# WORK REQUIRED:
Within the listing below, please copy exactly the lines between the line holding "Boucles d'oreilles AMATIS" and the line holding "HERMES Garden Party", inclusive.

# SUPPLIED DATA:
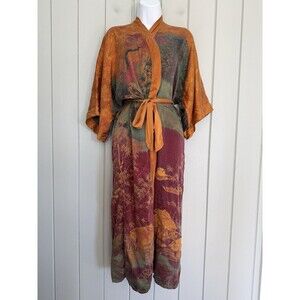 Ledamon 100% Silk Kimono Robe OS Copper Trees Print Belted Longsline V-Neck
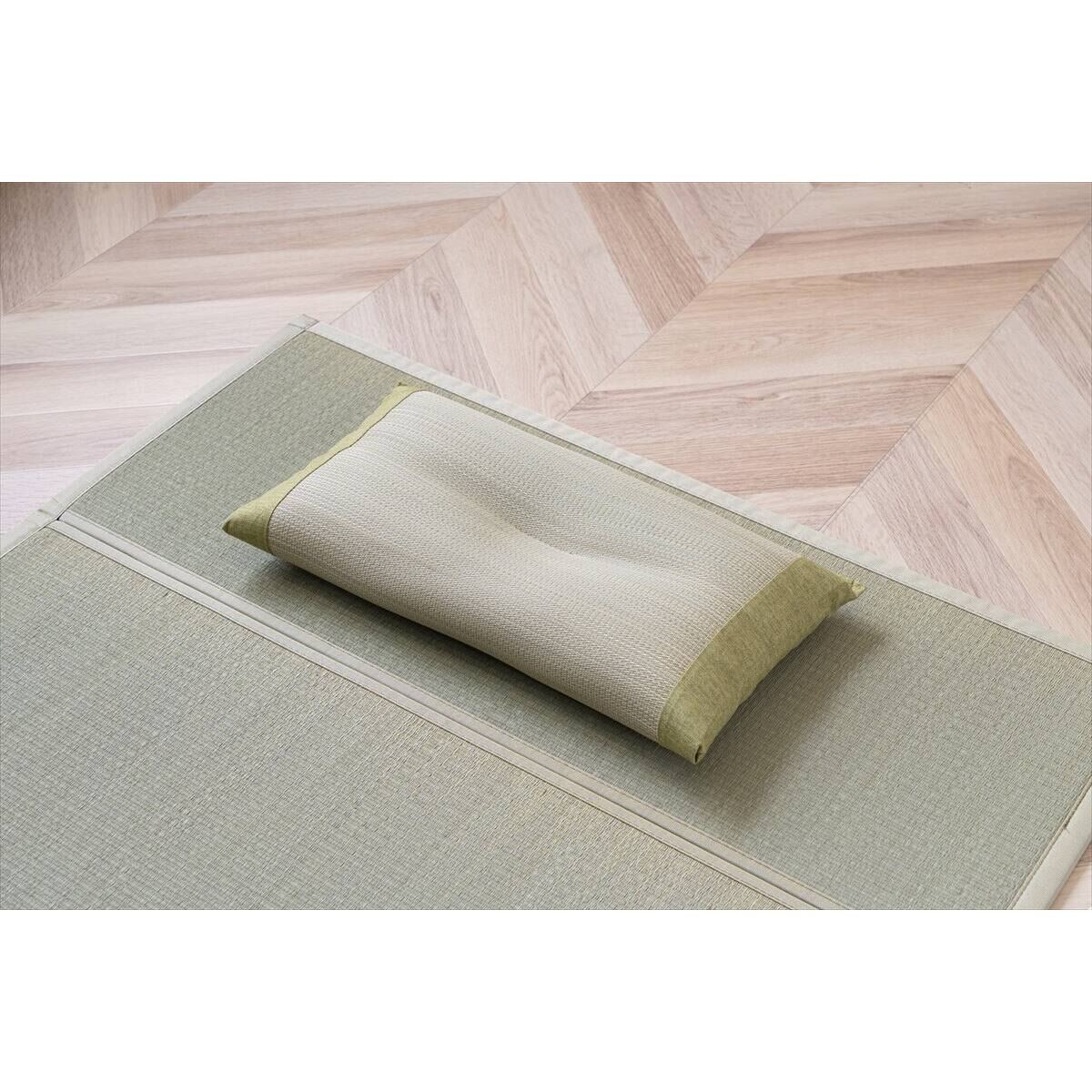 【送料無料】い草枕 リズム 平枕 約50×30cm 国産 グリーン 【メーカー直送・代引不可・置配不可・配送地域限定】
* * *
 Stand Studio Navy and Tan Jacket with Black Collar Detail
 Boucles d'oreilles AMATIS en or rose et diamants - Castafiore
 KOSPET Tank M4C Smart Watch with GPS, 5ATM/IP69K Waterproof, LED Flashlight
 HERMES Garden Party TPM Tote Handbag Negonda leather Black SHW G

# WRITTEN SOLUTION:
 Boucles d'oreilles AMATIS en or rose et diamants - Castafiore
 KOSPET Tank M4C Smart Watch with GPS, 5ATM/IP69K Waterproof, LED Flashlight
 HERMES Garden Party TPM Tote Handbag Negonda leather Black SHW G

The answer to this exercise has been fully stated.